### Work item
Scan the entries for lines with the word "sale", then copy those lines.
-- Opening Marker --
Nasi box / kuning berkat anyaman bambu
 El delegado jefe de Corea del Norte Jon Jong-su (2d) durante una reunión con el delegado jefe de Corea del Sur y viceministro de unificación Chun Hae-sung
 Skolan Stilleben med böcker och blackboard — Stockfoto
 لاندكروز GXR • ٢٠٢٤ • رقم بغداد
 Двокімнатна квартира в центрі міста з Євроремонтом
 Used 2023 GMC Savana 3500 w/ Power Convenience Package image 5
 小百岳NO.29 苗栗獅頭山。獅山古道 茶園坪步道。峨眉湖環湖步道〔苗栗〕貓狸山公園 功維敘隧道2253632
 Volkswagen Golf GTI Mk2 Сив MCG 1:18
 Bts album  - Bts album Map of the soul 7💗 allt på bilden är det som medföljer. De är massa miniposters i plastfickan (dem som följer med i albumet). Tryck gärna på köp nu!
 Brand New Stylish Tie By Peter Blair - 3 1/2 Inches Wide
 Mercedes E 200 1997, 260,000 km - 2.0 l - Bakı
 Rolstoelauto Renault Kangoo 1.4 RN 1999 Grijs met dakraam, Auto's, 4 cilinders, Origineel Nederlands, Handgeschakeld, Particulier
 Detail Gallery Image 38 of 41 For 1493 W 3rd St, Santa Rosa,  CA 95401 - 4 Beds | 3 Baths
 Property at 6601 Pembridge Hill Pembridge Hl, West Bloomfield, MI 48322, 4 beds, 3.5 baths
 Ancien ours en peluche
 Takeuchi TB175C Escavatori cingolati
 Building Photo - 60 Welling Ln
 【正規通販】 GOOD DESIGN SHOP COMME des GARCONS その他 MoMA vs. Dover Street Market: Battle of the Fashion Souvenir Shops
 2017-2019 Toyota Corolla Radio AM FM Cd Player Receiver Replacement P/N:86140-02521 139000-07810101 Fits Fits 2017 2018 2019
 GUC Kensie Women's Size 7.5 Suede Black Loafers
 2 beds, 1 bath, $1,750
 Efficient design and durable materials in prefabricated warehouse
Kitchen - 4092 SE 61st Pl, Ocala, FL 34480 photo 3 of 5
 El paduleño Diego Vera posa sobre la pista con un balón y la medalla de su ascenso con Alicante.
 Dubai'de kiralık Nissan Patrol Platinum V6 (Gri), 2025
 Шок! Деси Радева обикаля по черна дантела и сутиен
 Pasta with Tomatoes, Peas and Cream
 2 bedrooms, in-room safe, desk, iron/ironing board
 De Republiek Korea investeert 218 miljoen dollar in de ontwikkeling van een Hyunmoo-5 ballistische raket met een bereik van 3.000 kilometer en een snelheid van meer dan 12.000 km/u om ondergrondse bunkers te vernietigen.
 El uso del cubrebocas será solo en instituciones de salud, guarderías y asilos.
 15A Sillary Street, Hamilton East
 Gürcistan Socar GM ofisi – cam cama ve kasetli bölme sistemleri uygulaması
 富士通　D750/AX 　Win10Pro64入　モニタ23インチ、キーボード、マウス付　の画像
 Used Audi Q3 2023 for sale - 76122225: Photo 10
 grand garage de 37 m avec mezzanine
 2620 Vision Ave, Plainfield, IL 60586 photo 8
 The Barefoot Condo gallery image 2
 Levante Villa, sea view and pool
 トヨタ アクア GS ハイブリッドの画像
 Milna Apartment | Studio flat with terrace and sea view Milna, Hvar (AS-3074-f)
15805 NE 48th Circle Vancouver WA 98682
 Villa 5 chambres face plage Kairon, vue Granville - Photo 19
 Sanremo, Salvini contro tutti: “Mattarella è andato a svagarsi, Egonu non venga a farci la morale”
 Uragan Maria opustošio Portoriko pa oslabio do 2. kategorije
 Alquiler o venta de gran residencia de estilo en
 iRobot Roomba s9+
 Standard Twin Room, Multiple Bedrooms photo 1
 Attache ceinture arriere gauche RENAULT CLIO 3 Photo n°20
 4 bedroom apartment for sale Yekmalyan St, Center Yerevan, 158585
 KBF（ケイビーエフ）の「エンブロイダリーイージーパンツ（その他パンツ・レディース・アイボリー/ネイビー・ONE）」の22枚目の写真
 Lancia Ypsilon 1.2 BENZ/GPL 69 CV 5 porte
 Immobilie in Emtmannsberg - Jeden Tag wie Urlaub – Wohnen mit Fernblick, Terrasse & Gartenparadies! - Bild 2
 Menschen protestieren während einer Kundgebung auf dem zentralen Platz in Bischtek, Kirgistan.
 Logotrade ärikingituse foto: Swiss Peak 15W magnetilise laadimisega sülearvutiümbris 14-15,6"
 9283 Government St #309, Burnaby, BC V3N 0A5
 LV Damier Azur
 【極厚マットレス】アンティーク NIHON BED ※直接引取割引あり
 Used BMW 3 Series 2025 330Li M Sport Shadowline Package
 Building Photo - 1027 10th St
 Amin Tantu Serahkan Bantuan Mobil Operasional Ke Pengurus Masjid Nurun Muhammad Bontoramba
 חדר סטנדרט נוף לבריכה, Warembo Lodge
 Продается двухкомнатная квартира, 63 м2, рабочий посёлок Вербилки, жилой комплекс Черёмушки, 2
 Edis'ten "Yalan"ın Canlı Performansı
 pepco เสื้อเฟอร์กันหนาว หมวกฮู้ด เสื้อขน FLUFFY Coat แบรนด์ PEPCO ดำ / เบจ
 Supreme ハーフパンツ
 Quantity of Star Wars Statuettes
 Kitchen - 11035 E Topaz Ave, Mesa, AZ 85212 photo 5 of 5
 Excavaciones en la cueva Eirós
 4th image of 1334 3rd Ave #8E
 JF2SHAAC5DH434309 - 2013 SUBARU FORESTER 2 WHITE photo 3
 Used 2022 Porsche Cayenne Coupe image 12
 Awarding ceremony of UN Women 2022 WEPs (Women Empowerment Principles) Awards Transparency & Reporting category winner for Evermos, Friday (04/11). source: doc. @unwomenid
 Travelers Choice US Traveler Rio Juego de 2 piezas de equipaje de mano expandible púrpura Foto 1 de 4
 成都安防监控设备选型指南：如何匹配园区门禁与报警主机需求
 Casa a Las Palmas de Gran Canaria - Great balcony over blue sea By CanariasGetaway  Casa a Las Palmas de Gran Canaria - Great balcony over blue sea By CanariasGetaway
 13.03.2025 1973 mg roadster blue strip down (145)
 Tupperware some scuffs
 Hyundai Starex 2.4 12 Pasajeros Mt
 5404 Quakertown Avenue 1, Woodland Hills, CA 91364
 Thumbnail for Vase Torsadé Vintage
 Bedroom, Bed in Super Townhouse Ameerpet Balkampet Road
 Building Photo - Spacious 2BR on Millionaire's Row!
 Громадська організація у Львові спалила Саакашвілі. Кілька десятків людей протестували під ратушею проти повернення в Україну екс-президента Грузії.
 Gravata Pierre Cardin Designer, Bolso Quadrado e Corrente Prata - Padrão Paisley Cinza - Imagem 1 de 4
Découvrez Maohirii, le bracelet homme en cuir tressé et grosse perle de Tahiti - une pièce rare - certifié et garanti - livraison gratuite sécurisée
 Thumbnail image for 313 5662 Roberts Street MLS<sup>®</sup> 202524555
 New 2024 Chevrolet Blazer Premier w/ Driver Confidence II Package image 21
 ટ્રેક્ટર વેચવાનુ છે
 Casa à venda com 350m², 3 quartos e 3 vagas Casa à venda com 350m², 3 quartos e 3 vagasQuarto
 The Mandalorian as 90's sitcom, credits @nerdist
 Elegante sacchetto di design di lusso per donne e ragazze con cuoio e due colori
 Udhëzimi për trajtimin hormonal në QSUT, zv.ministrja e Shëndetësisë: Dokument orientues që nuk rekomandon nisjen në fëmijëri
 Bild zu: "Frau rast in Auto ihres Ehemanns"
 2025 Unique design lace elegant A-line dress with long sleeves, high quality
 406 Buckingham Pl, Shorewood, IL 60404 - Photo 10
-- Closing Marker --
### Output
 Used Audi Q3 2023 for sale - 76122225: Photo 10
 4 bedroom apartment for sale Yekmalyan St, Center Yerevan, 158585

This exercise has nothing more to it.